In one embodiment, when the tool 10 is positioned at the proper depth in the inner tubular 50, the tool 10 is not centralized in the inner tubular 50. This may result in an unevenly distributed cut wherein the rotating blades 116 contact only a portion of the inner tubular 50. For example, a mule shoe cut may result. As a result, the blades 116 may create a cut that spans only a portion of the circumference of the inner tubular 50.
In one embodiment, the actuation assembly 30 provides an evenly distributed cut by actuating the blades 116 into an extended position, as shown in FIG. 3. For example, the piston 112 of the actuation assembly 30 may provide a substantially equal (within +/−10%) force on the shoulder of each blade 116 such that each blade 116 engages the inner tubular 50 with a substantially equal radial force. The radial forces from the blades 116 may cause the tool 10 to move laterally, thereby causing each blade 116 to engage the inner tubular 50. For example, in the event that tool 10 is not centralized in inner tubular 50, the radial forces from the blades 116 engaging with inner tubular 50 may cause the tool 10 to move laterally, thereby repositioning tool 10 to be more centralized in inner tubular 50. In another embodiment, the stop 208 is configured to limit the extension of the blade 116, thereby providing an evenly distributed cut. For example, the stop 208 may provide a radial force against the inner tubular 50 causing the tool 10 to move laterally in response. In one embodiment, the stop 208 centralizes the tool 10 in the inner tubular 50 by moving the tool 10 laterally. In turn, the tool 10 engages each blade 116 with the inner tubular 50. As a result, the cut created by the tool 10 spans the entire circumference of the inner tubular 50.
In one embodiment, after the tool 10 cuts through the inner tubular 50 and along the entire circumference of the inner tubular 50, a portion of the inner tubular 50 below the cut formed by the tool 10 is allowed to fall downward in the wellbore 20. For example, the portion of the inner tubular 50 below the cut falls into a cavern at a lower end of the wellbore 20.
Thereafter, the blades 116 may be retracted and the cutting operation described herein may be repeated any number of times. For example, the tool 10 may be moved axially upward in the wellbore 20 the inner tubular 50 may be cut into shorter portions.
As will be understood by those skilled in the art, a number of variations and combinations may be made in relation to the disclosed embodiments all without departing from the scope of the invention.

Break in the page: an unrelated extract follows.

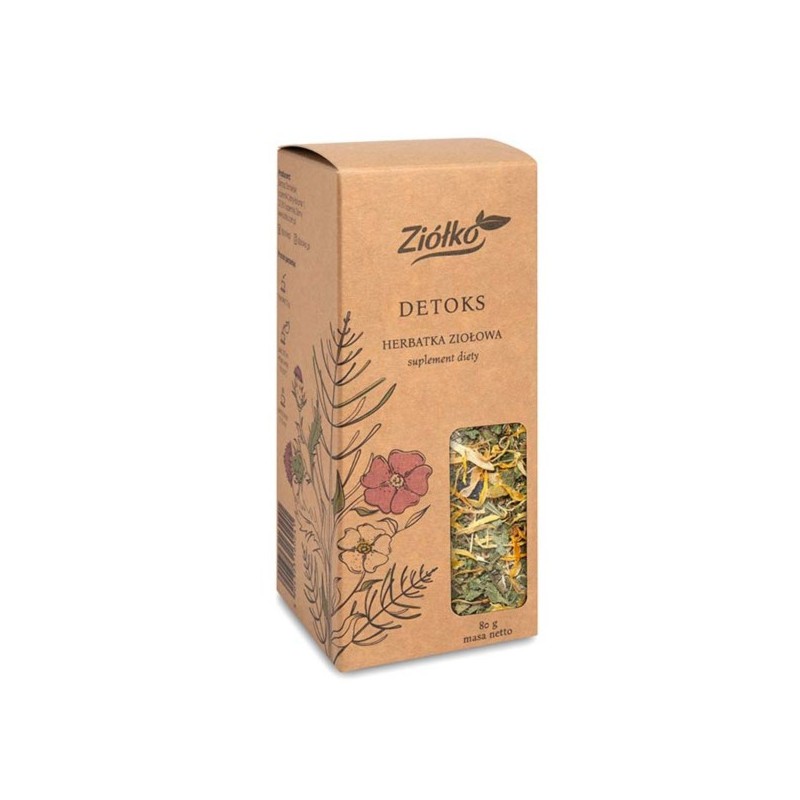 Ziółko Detox Herbatka Ziołowa 80 g
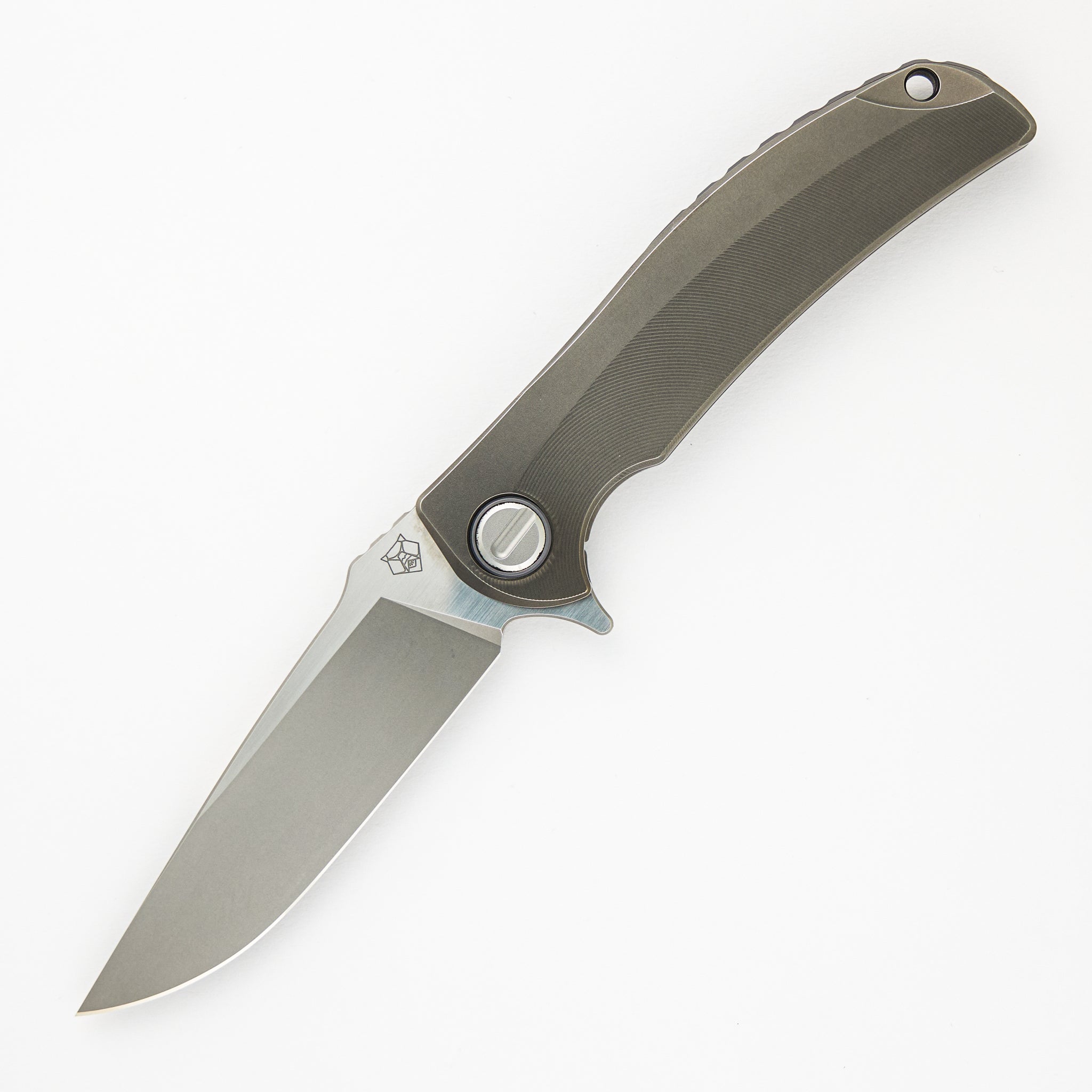 Russian Overkill - M398 Blade - Titanium Handle - RBS "Limited Edition" (RJ Martin Design)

In one embodiment, a method of cutting a tubular includes providing a rotatable cutting tool in the tubular, the cutting tool having a blade with a cutting structure thereon; extending the blade relative to the cutting tool; rotating the cutting tool relative to the tubular; guiding the cutting structure into contact with the tubular; cutting the tubular using the blade; and limiting extension of the blade.
In one or more of the embodiments described herein, an actuation assembly acts to extend the blade relative to the cutting tool.
In one or more of the embodiments described herein, the actuation assembly is hydraulic, the method further comprising limiting extension of the blade regardless of a fluid pressure in the housing of the cutting tool.
In one or more of the embodiments described herein, limiting extension of the blade comprises engaging a stop with the tubular.
In one or more of the embodiments described herein, a method of cutting a tubular includes at least one of: stabilizing the cutting tool by engaging the stop with the tubular, laterally moving the cutting tool by engaging the stop with the tubular, and centralizing the cutting tool by engaging the stop with the tubular.
In one or more of the embodiments described herein, the extending the blade relative to the cutting tool happens while at least one of: the rotating the cutting tool relative to the tubular, the guiding the cutting structure into contact with the tubular, a moving the cutting structure upward within the tubular, and a pivoting the blade about a pivot point.
In one or more of the embodiments described herein, guiding the cutting structure into contact with the tubular includes making initial contact with the tubular with a wearable member on the blade.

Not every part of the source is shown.